Have you been looking for an alternative to the endless cycle of yo-yo dieting and stumbled across Intuitive Eating? You may have noticed that Intuitive Eating Dietitians such as myself talk a lot about “diet culture”…so, what is diet culture, exactly?
What is Diet Culture?
What is diet culture, and why does it need to make a grand exit? Let me count the ways!
Diet culture is based on the idea that our bodies are valued by their size and that smaller is better. And that smaller is healthier. Both are 100% false, BTW.
But diet culture is so entrenched in our society that ditching diet culture can feel like swimming upstream with chunky boots on. Tough work!
How did we get into this sticky mess? Let’s cover that, first.
How did diet culture start?
We didn’t always prioritize thinness. Based on the earliest sculptures, voluptuous and well-nourished was the ideal 25,000 years ago. And later, Aphrodite, the Greek Goddess of beauty and pleasure was lovingly portrayed in all of her glory, including her stomach rolls.
But diet culture does go way back. And the ideal woman’s body has changed. Diet culture has woven its dark web throughout history, from the first diet book, published in 1558, to corsets changing the shape of a woman’s body to the first low-carb diet in 1825. In the 1920s, thinness became the beauty standard as women sought more independence and freedom.

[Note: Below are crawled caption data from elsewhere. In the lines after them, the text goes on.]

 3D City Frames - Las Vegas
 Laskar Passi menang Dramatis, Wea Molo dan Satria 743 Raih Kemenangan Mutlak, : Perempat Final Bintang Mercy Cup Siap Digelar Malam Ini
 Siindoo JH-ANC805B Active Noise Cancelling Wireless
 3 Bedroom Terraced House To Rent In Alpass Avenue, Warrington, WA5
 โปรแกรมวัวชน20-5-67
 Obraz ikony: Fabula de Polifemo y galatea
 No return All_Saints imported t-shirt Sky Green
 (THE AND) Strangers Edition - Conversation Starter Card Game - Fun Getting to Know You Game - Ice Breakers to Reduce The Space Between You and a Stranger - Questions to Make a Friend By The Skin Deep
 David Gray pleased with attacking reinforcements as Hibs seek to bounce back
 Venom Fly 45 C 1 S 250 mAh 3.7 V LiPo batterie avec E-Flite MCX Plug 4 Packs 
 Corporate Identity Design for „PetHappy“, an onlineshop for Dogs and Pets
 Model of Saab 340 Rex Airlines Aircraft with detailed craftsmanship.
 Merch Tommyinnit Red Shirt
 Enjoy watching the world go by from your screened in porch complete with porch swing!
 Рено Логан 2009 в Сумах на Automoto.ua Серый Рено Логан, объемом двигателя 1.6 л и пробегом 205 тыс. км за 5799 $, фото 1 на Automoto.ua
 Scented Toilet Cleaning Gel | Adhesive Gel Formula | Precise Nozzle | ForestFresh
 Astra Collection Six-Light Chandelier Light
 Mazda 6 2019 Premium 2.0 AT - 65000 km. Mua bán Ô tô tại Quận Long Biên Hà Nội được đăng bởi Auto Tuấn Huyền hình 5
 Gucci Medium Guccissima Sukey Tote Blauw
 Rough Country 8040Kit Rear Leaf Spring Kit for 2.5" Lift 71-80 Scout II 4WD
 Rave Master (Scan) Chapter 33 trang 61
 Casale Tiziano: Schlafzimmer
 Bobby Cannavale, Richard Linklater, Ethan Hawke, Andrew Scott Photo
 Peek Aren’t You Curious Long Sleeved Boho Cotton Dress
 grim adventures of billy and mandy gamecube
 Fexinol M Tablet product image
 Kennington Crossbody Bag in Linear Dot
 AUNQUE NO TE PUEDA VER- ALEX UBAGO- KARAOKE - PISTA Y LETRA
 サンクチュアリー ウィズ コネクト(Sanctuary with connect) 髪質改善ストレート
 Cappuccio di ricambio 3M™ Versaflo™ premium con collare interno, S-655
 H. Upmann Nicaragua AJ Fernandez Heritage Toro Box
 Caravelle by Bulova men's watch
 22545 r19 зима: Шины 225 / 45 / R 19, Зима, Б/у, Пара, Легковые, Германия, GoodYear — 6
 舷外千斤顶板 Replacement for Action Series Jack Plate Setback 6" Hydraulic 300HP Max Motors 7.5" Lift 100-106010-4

And I’ll bet that if I asked you to name ten different examples of diets that have been popular over the last twenty years, you’d be able to make the list without breaking a sweat, amiright?
Whew. Diet culture has been around for a long time. Changing shape and continuing to make people feel less-than. What other effects are there?
What are the effects of diet culture?
Diet culture is woven throughout our society and impacts us on a personal level as well as at the community level. Here are a few examples of the effects of diet culture: i.e., thin is the best.
- Obese job applicants are less likely to be hired, even with the same qualifications (this affects women to a greater degree than men).
- Obese individuals have a more difficult time finding clothes that fit at regular shopping malls (and may be charged more).
- Plus-sized furniture also costs more, because most furniture is made for people <250 pounds…who are in the minority in the US.
- Miss America winners have gotten thinner and thinner over the years.
Diet culture is a big industry. I mean, really big. Let’s talk about the money next.
How much does diet culture make?
If you were to guess how much the diet industry is worth, what would you guess?
Thousands of dollars, each year?
…millions of dollars, each year?
While you might win on The Price Is Right (closest without going over) you’d be under-guessing by a far shot.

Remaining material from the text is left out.